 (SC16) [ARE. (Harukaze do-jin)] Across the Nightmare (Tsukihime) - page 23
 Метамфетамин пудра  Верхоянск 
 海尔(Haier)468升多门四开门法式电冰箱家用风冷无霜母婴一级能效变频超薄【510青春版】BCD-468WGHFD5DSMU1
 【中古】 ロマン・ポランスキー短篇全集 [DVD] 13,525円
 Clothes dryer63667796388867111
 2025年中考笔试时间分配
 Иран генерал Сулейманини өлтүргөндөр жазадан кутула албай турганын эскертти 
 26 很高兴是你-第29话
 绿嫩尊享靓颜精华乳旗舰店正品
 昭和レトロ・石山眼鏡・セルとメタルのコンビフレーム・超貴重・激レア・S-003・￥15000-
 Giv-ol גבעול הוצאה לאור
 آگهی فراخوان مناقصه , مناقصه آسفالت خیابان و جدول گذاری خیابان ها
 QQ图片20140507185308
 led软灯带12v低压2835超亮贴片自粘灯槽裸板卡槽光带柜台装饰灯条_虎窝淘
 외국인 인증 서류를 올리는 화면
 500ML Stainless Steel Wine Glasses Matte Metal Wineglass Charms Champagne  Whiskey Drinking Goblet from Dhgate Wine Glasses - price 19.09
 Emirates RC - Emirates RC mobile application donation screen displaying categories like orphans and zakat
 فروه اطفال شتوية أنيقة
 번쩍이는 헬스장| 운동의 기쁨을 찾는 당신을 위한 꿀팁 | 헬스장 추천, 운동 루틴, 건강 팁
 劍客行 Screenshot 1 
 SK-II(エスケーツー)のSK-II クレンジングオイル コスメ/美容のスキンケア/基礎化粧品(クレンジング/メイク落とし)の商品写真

> PROBLEM DESCRIPTION
From the very first line of the data through the line with "외국인 인증 서류를 올리는 화면" in it, please reproduce each line exactly and output nothing more.

> REPLY TO THE EXERCISE
 (SC16) [ARE. (Harukaze do-jin)] Across the Nightmare (Tsukihime) - page 23
 Метамфетамин пудра  Верхоянск 
 海尔(Haier)468升多门四开门法式电冰箱家用风冷无霜母婴一级能效变频超薄【510青春版】BCD-468WGHFD5DSMU1
 【中古】 ロマン・ポランスキー短篇全集 [DVD] 13,525円
 Clothes dryer63667796388867111
 2025年中考笔试时间分配
 Иран генерал Сулейманини өлтүргөндөр жазадан кутула албай турганын эскертти 
 26 很高兴是你-第29话
 绿嫩尊享靓颜精华乳旗舰店正品
 昭和レトロ・石山眼鏡・セルとメタルのコンビフレーム・超貴重・激レア・S-003・￥15000-
 Giv-ol גבעול הוצאה לאור
 آگهی فراخوان مناقصه , مناقصه آسفالت خیابان و جدول گذاری خیابان ها
 QQ图片20140507185308
 led软灯带12v低压2835超亮贴片自粘灯槽裸板卡槽光带柜台装饰灯条_虎窝淘
 외국인 인증 서류를 올리는 화면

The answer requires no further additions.